Currently, I just move money as needed from my US Bank account to my Italian Account, and stay within the $10,000 maximum limit. But in this case, the annual rent is about $13,000. Is it possible to simply wire transfer the amount directly to my Italian Landlord? I obviously don't want to do anything unethical, is there any legal guidelines on this? Or should I continue the same method of transferring to my Italian Bank and then pay the rent from that? 

Many thanks in advance for your opinion and advice.


----------



## MrNiceGuy (12 mo ago)

When you wire money between two accounts of yours I am not aware of any 10,000 USD limit. (Please correct me if I am wrong). You could just wire 13,000 USD in my opinion, and leave it in your EUR account, drawing it down to pay rent.


----------



## Bevdeforges (Nov 16, 2007)

There aren't any taxes on wiring funds from your US account to your Italian account. However, any time you transfer $10,000 or more in funds via your bank, the bank is required to report the transfer to the US government. There is a similar requirement regarding transfers of 10,000€ or more done in, to or from Europe. But generally speaking, the banks take care of this. (They may ask you as part of the transfer process for the purpose of the transfer - this is why they need this information.)
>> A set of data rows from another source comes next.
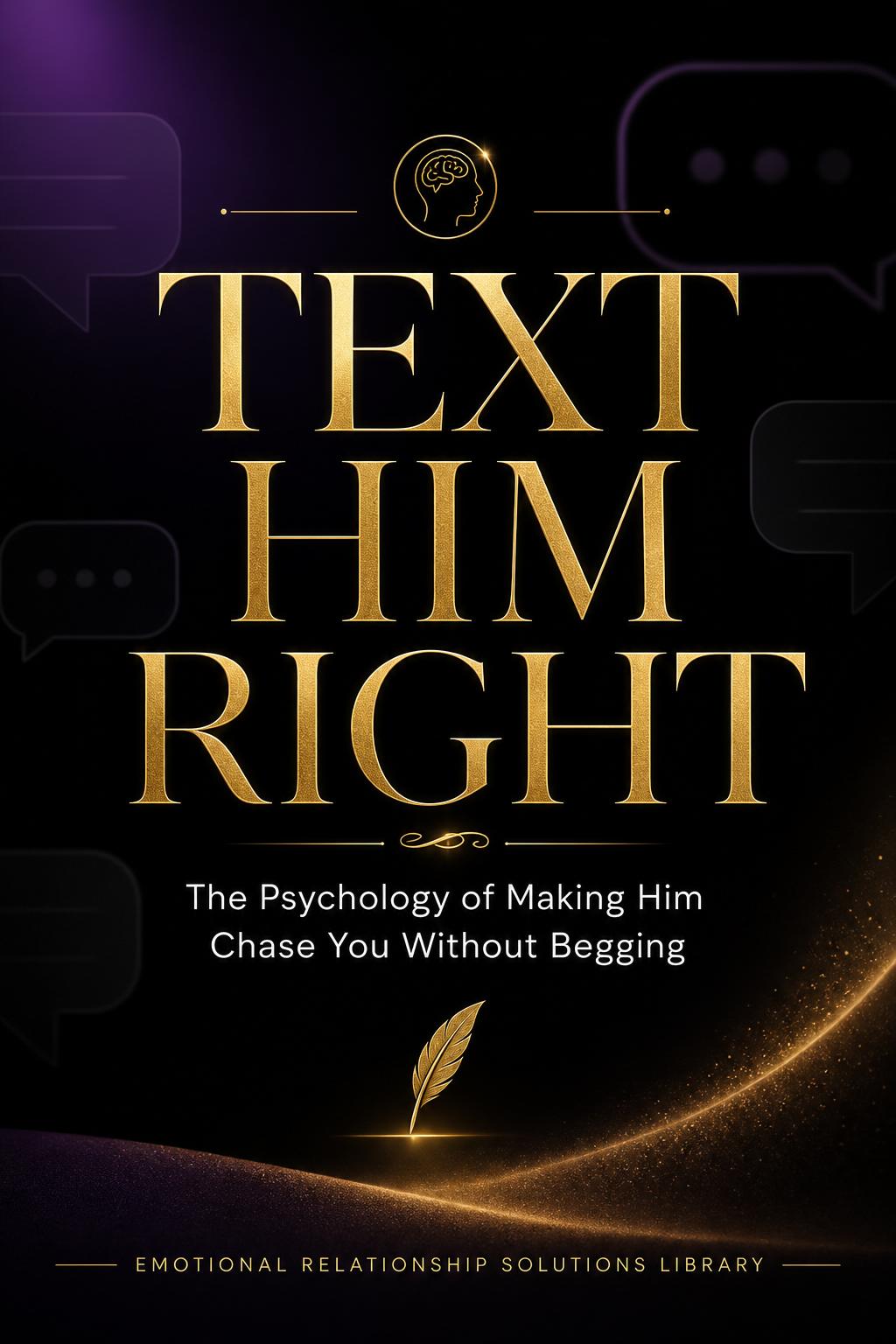 Text Him Right ebook cover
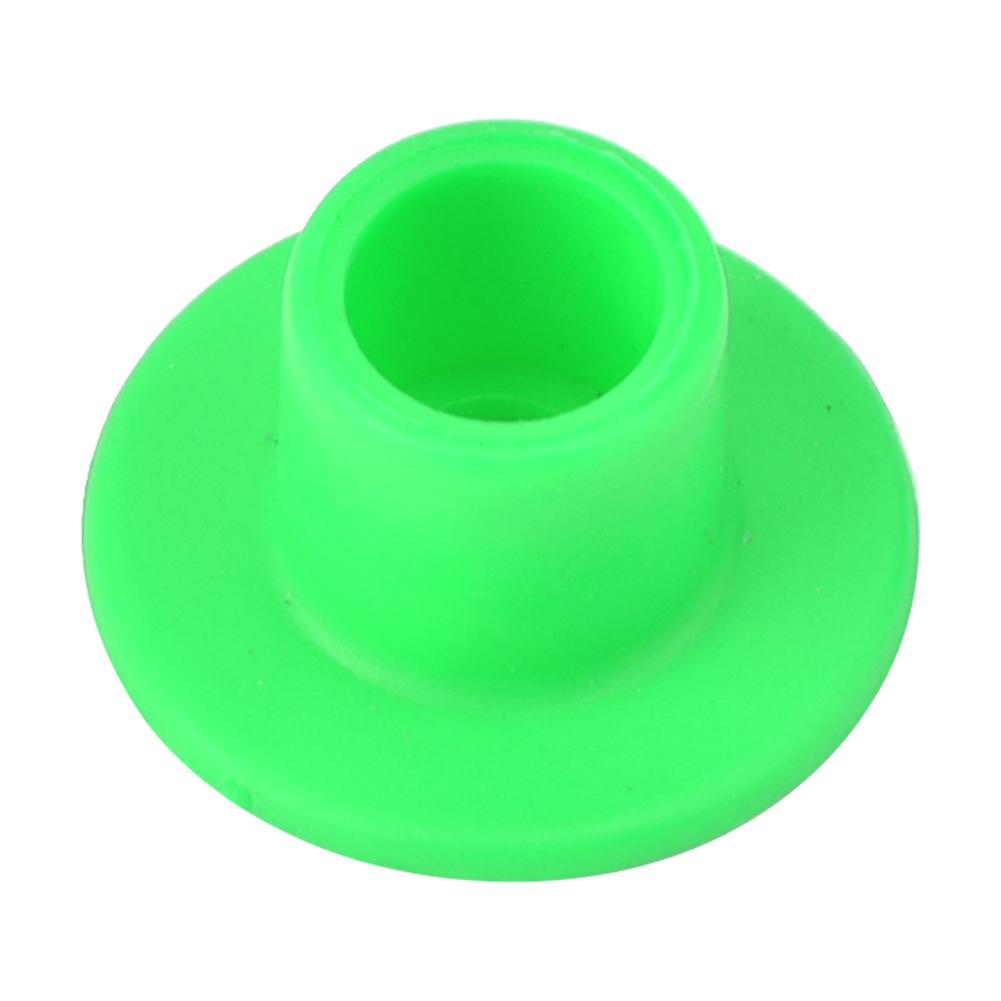 1 100 Number Round Plastic Livestock Ear Tag Animal Tag for Goat Sheep Pig (Green)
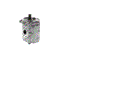 TCM 13657-10201, PUMP - HYDRAULIC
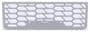 Putco Hex Shield Stainless Steel Polished Silver Finish Grille Insert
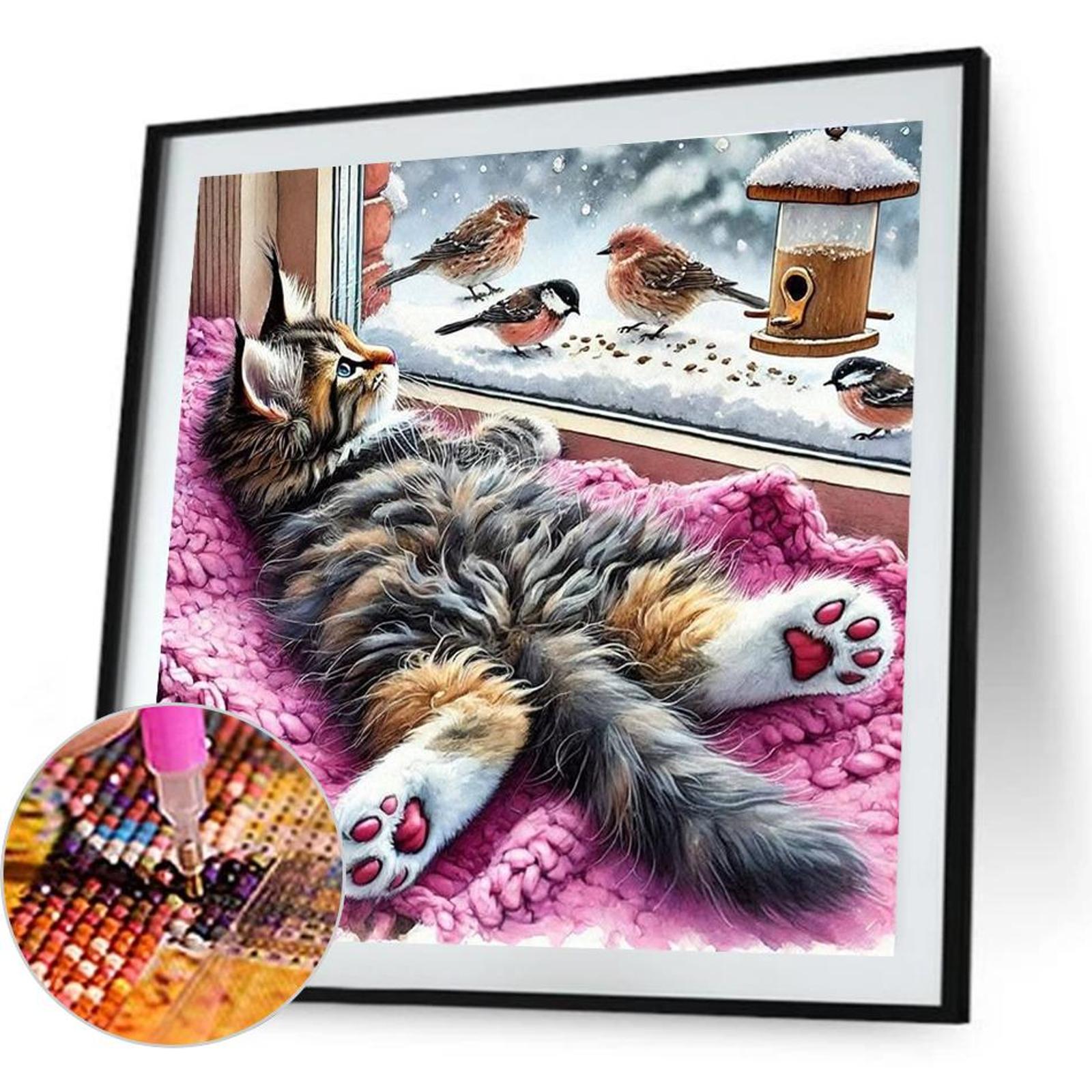 Animal Full DIY 5D Round Drill - Art Craft Idea review and price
Yes, if you wind up with more than $10,000 in your Italian bank account, you'll be subject to FBAR reporting but that is fairly simple to do online and involves no taxes or fees.


----------



## Mrtcpip (Feb 15, 2014)

Bevdeforges said:


> There aren't any taxes on wiring funds from your US account to your Italian account. However, any time you transfer $10,000 or more in funds via your bank, the bank is required to report the transfer to the US government. There is a similar requirement regarding transfers of 10,000€ or more done in, to or from Europe. But generally speaking, the banks take care of this. (They may ask you as part of the transfer process for the purpose of the transfer - this is why they need this information.)
> 
> Yes, if you wind up with more than $10,000 in your Italian bank account, you'll be subject to FBAR reporting but that is fairly simple to do online and involves no taxes or fees.


THank you for the quick response, the other twist to my question was can I wire funds from my US Bank directly to my landlords Italian account? So bypassing my Italian Bank account..


----------



## Harry Moles (11 mo ago)

Mrtcpip said:


> I obviously don't want to do anything unethical, is there any legal guidelines on this?


Legal guidelines don't really govern what is or isn't ethical behaviour. (What's so unethical about paying your rent?)

You could wire a year's rent directly to your landlord if they wanted to do that. Or you could wire a larger sum of money to your euro account and continue paying monthly. No difference between the two, really.

Assuming that you are already filing US tax returns and all that, there's no reason for you to go to great lengths to avoid FBAR reporting by keeping your euro bank balance under $10k.


----------



## Bevdeforges (Nov 16, 2007)

Basically what Harry Moles said. What does your landlord say about the idea of your paying your rent a full year at a time? And if the exchange rate swings the other way, will s/he want you to continue paying up a full year at a time like that? I'd advise keeping it simple, which would be to just transfer the money to your Italian account and continue paying the rent the way you are doing now. (Your landlord may not wish to give you their personal bank account information like that.)


----------



## Moulard (Feb 3, 2017)

Personally, I would be paying my rent according to my lease agreement. If that was monthly, they I would pay the landlord (or their agent) monthly.

I have paid three months in advance once, as an enticement to an owner to choose to let a property to me over someone else but that I don't think I would ever consider paying an entire year in advance.

I would rather receive any interest paid on the funds, than give that it as a bonus to the owner


----------



## Harry Moles (11 mo ago)

If the OP thinks that the euro is at an all-time low, they can engage in currency speculation and move 5 years' rent over at once.


----------



## Mrtcpip (Feb 15, 2014)

Thank you all for your thoughts and advice! I really appreciate it..


----------